[I18n-sig] Literal strings
Paul Prescod
paul@prescod.net
Sat, 03 Jun 2000 14:24:34 -0500
Peter Funk wrote:
>
> > I would like it to magically work with Unicode. Guido's proposal allows
> > it to magically work with Unicode-encoded ASCII, but not with the full
> > range of Unicode characters. I'm not entirely happy that my code will
> > crash and burn the first time someone pops in a cedilla.
>
> A cedilla (ç) is a normal 8-Bit character in ISO-Latin-1, so this may
> be a bad example.
Guido's proposal only auto-coerces 7-bit data.
> We use such literals a lot and it didn't break anything.
> Even with Guidos proposal it will only break things, if you coerce
> such a literal into unicode without an explicit conversion.
My code example showed an implicit coercion.
> There already was a long discussion about interpreter pragmas
> on python-dev. I still prefer David Scherer's brilliant idea to
> (ab)use the 'global' statment at module level, if we ever introduce
> pragmas into the 1.x series of Python. Please review the discussion
> (April 2000) in the python-dev archives.

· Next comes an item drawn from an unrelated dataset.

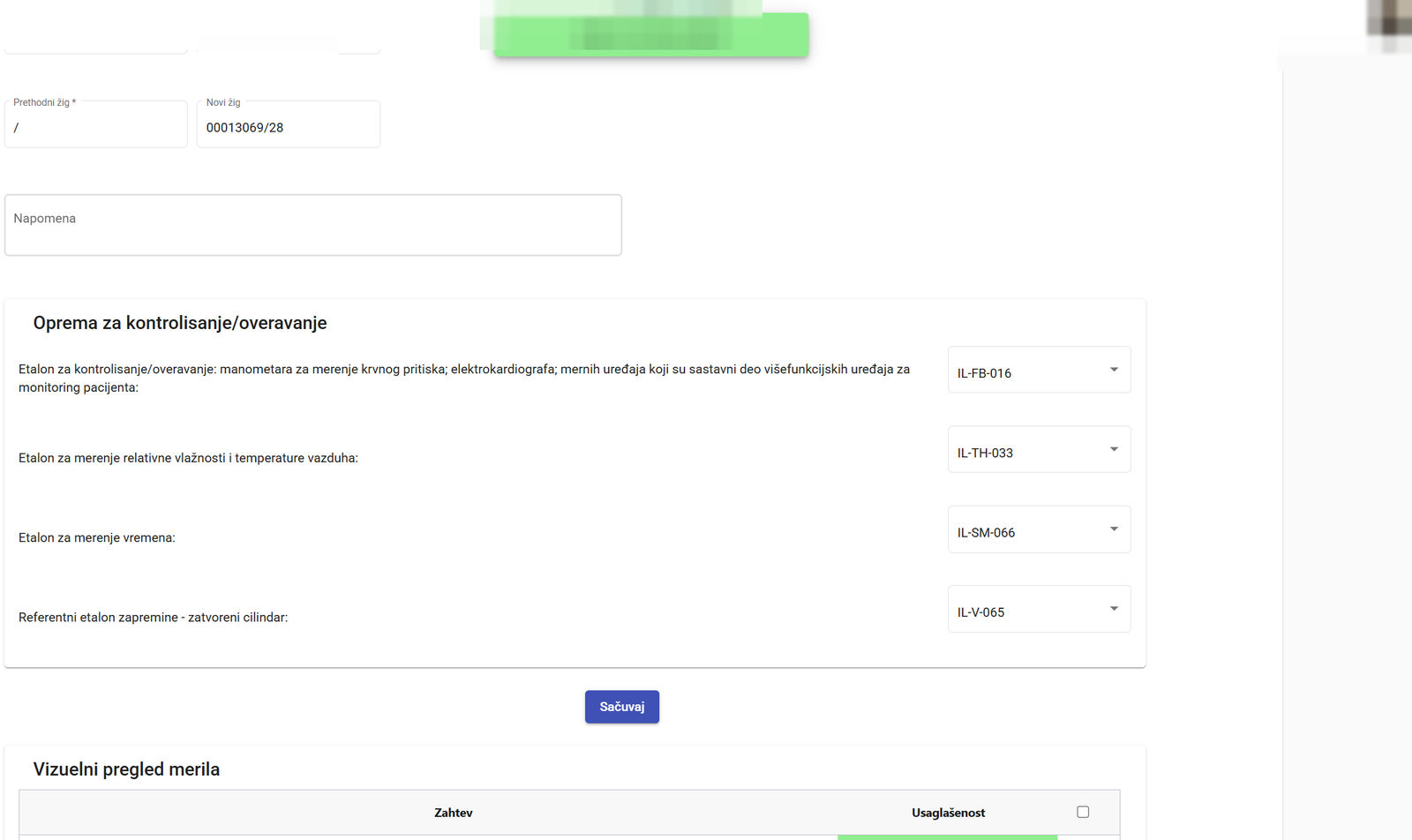 Medical equipment verification platform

I wasn't so concerned about the syntax so I didn't bother to look that
up.
> > Now I could go through my code and change all of the literals to Unicode
> > literals by hand, but
> >
> > a) that's really ugly, syntactically
>
> As always this is simply a matter of taste. And after a while you get
> used to it.
They say that about Perl too. :) I don't believe them.
> > b) I feel like I'll end up switching them all back when we just make
> > literal strings "wide" by default
>
> I don't believe that this will happen in the 1.x series. This would break
> just too many things and the memory penalty is just to harsh for small
> systems.
We will see about the former. The latter is just not true because a
Unicode object could be internally implemented as an 8-bit string as
long as it implements the same external interface. We have often
discussed these "tagged Unicode objects" and have just not implemented
them yet.
> > c) I feel like I'm being penalized for making my program
> > internationalized
>
> As long as your i18n effort doesn't hit asian languages (for example
> chinese, japanese) you can get away with narrow strings.
I work with XML so I don't know what language the input is in.
> Unicode only comes
> into play, if you have to deal with several different languages at
> the same time.
Or if you are dealing with XML, or TKinter, or WebDAV or communicating
with Java or ...
> > d) I have a lot of code, as we all do.
>
> If code can be modified automatically (and what you proposed can
> be done with a only slightly more elaborated operation than a simple
> 's/"/u"/g' replacement) this is IMO no argument.
Actually, I haven't had any experience with source to source Python
transforms myself. Wouldn't it mess up other things like comments and
tabbing unless you got to a great deal of work?
--
Paul Prescod - ISOGEN Consulting Engineer speaking for himself
Simplicity does not precede complexity, but follows it.
- http://www.cs.yale.edu/~perlis-alan/quotes.html